Across the country, the availability of kosher and halal food in prisons is often the subject of lawsuits that reference the Religious Land Use and Institutionalized Persons Act of 2000, which enshrines the rights of people in correctional facilities to religious services, including food that meets their dietary restrictions.

In New York state, where a 2018 report found that 12.3% of the prison population identified as Muslim, 6.5% as Jewish, and 3.9% as belonging to the Nation of Islam, mess halls already provide kosher and halal options for breakfast, lunch and dinner. 

But in commissaries, where people supplement prison meals that are often small and unappetizing, religiously certified options are much harder to find. The same is true for vending machines in visiting areas, where friends and family purchase meals and snacks to replace the meals that their incarcerated loved ones frequently miss in order to attend visits.

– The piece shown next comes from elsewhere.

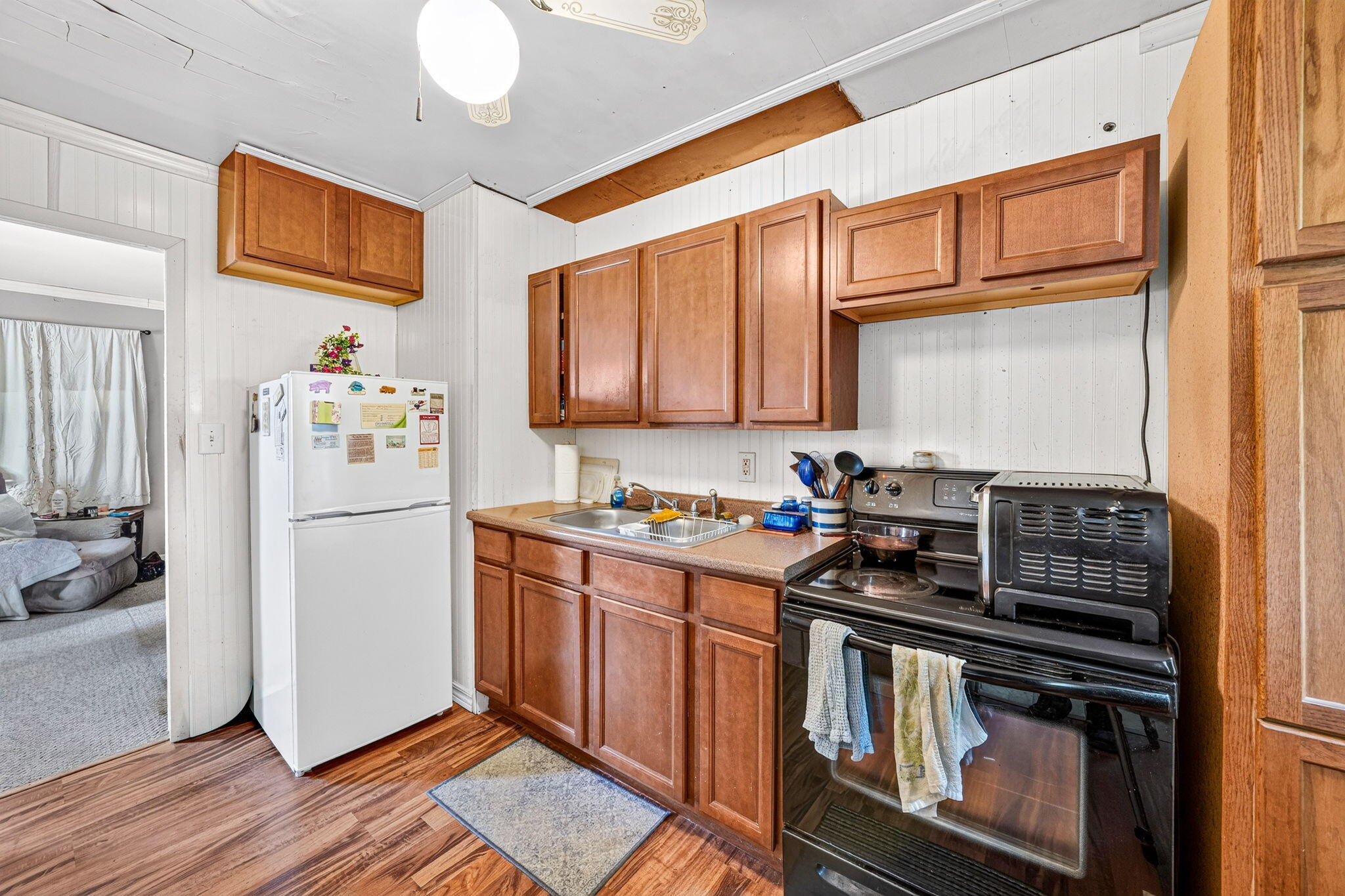 128 N East Street Cassopolis MI 49031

Tzedek Association, a Jewish prison reform organization that was an early advocate for the bill, regularly receives complaints from incarcerated New Yorkers and their families about struggling to find kosher options, according to Rebecca Taxman, an associate policy writer with the group. “I used to visit someone, and they did have it at the facility,” she said, speaking about kosher options outside of the dining hall. “And then, like, a couple months later, it just wasn’t there. Like, they didn’t have it at all.”

Taxman, who also teaches chess to people at Rikers Island Jail Complex, added that her Muslim students reported having similar problems finding halal food in facilities throughout the state.

The new bill aims to change that. Its text guarantees that commissaries and vending machines will provide food that meets “requirements of halal, kosher and other religious dietary needs” for people incarcerated on premises, for the same price as comparable, non-religiously certified items. State Assemblyman Simcha Eichenstein, one of the bill’s sponsors, told the Forward that the state would have to provide items with higher standards of halal and kosher certifications, such as those given by the Orthodox Union and other kosher certification organizations.

“It’s a parity bill,” he told the Forward. “Whatever this system already provides, there needs to be an option available for religious individuals.”

In the past, the loved ones of Jews and Muslims got around existing limitations by bringing halal and kosher products with them on prison visits. But last year the state banned families from bringing packages to correctional facilities, cutting off a crucial lifeline.

Eichenstein said he has been working on getting prisons to provide more kosher and halal options since he heard about the problem while visiting New York state prisons a few years ago. “This is wrong,” he recalled thinking. 

Since the bill was passed, Taxman has been in conversations with New York’s Board of Rabbis about implementing the new policy come September. She hopes to ensure that commissaries stock everything from kosher powdered milk to prepared kosher meals. Tzedek is also working on improving the quality of kosher meals served in mess halls, which often have less protein in them than prisons’ standard fare.

Her rationale for these efforts would be familiar to many a Jewish parent: Eating comes first. “Food is one of the, sort of, cornerstones of a person’s life in general,” she said. “And it’s even more so within the prison system.”